Dans l’esprit de rassembler, l’association favorise également les rencontres entre les artistes et les spectateurs : ateliers de pratiques musicales collectives, parcours intergénérationnel… tout peut s’imaginer : « C’est un travail de fond, nous essayons de créer le lien. Bien sûr à travers nos résidences d’artistes mais pas seulement. Les artistes le demandent aussi. Nous devons favoriser la rencontre humaine chaque fois que cela est possible. »

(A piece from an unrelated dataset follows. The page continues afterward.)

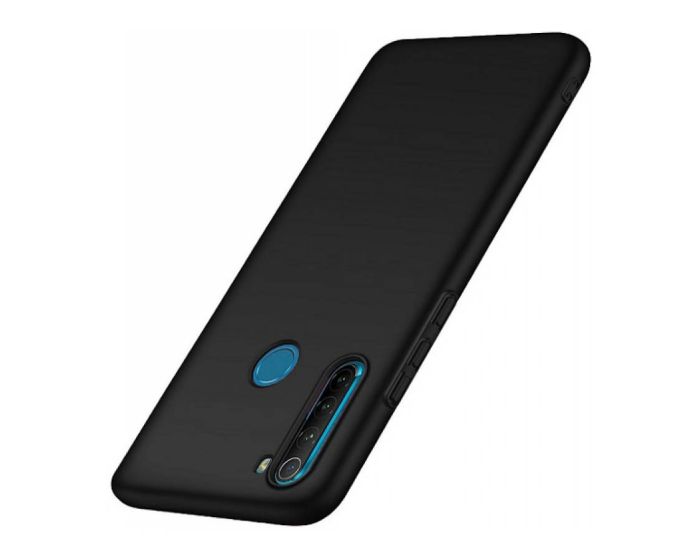 Θήκη Σιλικόνης Slim Fit Gel Silicone Case Black Matte (Xiaomi Redmi Note 8)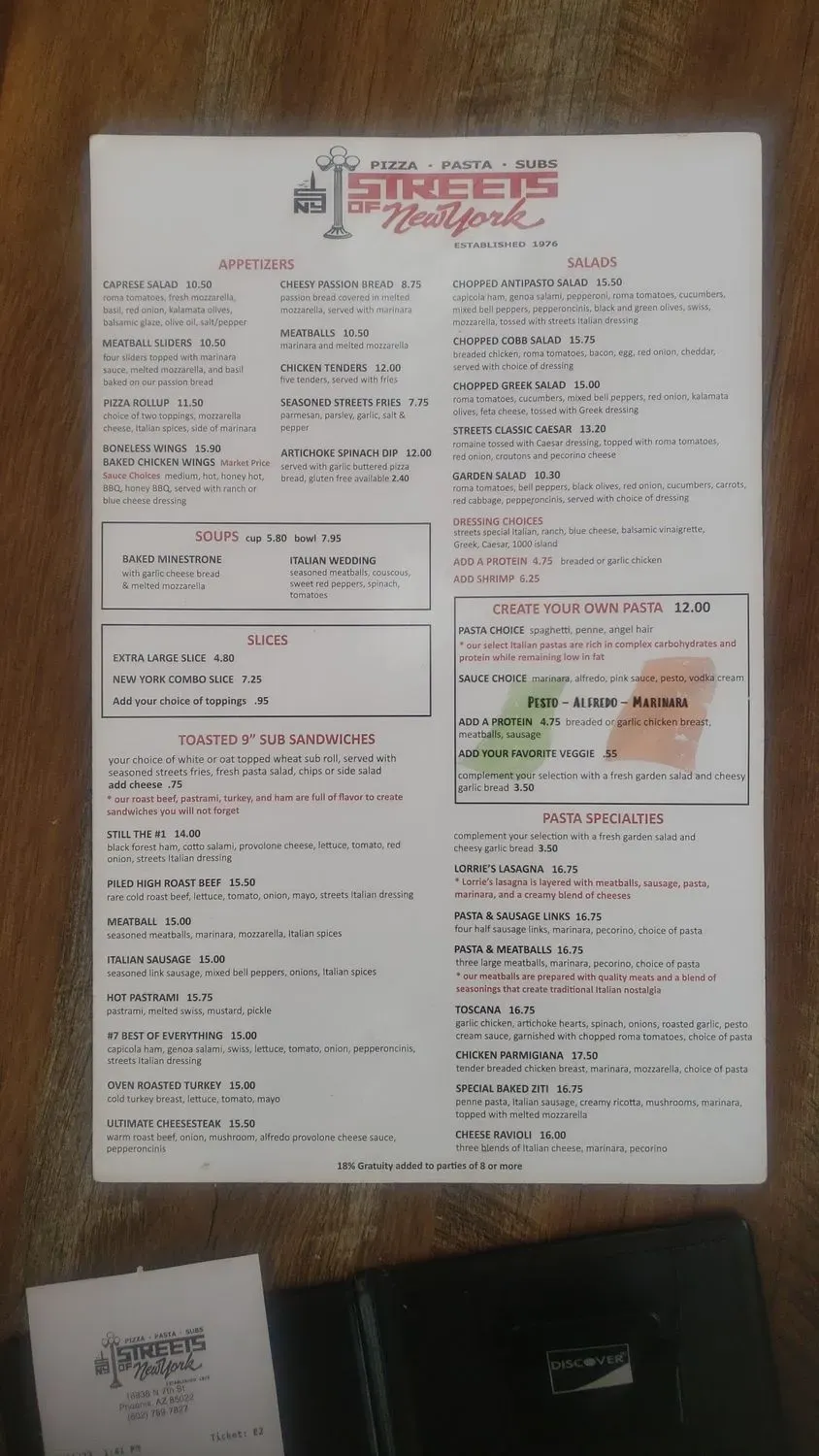 Menu 3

Le fonctionnement de l’association dont les bureaux eux aussi sont itinérants, nécessite 4 salariés à temps complet. Lors du festival, il est fait appel à une vingtaine de personnes, et plus d’une centaine de bénévoles. Le modèle économique repose pour 80 % sur le financement public – État, DRAC, Europe, région, département, collectivités locales : « C’est logique quand on est une association d’intérêt général, d’utilité sociale, cela ne peut passer que par le soutien des financements publics qui sont conscients de notre savoir-faire, de son impact social, mais il va falloir se battre les prochaines années pour maintenir ces financements, c’est évident.»
Une envie d’embarquer l’été prochain ?
Le festival se déroulera du 28 juin au 22 juillet 2025. Alors n’oubliez pas de prendre connaissance du programme et des escales du festival. La tournée n’est jamais tout à fait la même, mais les incontournables restent : Ramonville, Toulouse et le port du Somail. Ce dernier lieu dans le Minervois, au charme bucolique, avec son pont, sa chapelle… mais aussi grâce à la présence d’une péniche épicerie et d’une librairie extraordinaire (le plus grand dépôt de livres anciens et d’occasion en Europe) aurait notre préférence.

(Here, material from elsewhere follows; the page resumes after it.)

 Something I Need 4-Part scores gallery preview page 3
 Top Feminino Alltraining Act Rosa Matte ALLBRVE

Rappelons qu’autour des concerts, se dessinent des émissions radios, des dégustations, des balades découvertes “au bord de l'eau” estampillées Convivencia.
Crédit photo : 2022_peniche_montech(c)SBENSIZERARA
Les trois coups ! Selon Cécile Héraudeau
> Coup de chapeau : « A Jean-Marie Fraysse, le fondateur de ce festival dont l’idée a germé en 1990 et qui s’est sorti de l’aventure en 2012 et n’a pas voulu rester au conseil d’administration, désirant que le conseil suive son propre chemin et que les idées nouvelles puissent nourrir le projet, que d’autres horizons s’ouvrent. C’est très rare que le fondateur sache partir à un moment alors qu’il n’y a pas eu de clash, c’est aussi à saluer.»
> Coup de main : « On a toujours besoin de bénévoles à côté des professionnels… même si nous avons mieux communiqué en 2024 afin de donner envie de rejoindre l’équipage de Conviviencia, on a du mal depuis quelques années à mobiliser du monde comme dans de nombreux festival.»
> Coup de projecteur : « sur le programme de résidence artistique « Sawa Sawa », mené par l’institut français de Jérusalem, l’antenne de Gaza qui a souhaité répondre à la situation de crise du secteur culturel Palestinien pour relancer la création artistique qui est en ce moment au point mort. En 2025, une trentaine d’artistes seront accueillis entre trois et six mois dans des structures culturelles. Convivencia accueillera un musicien hip hop, qui travaillera sur sa création, collaborera avec des artistes locaux.»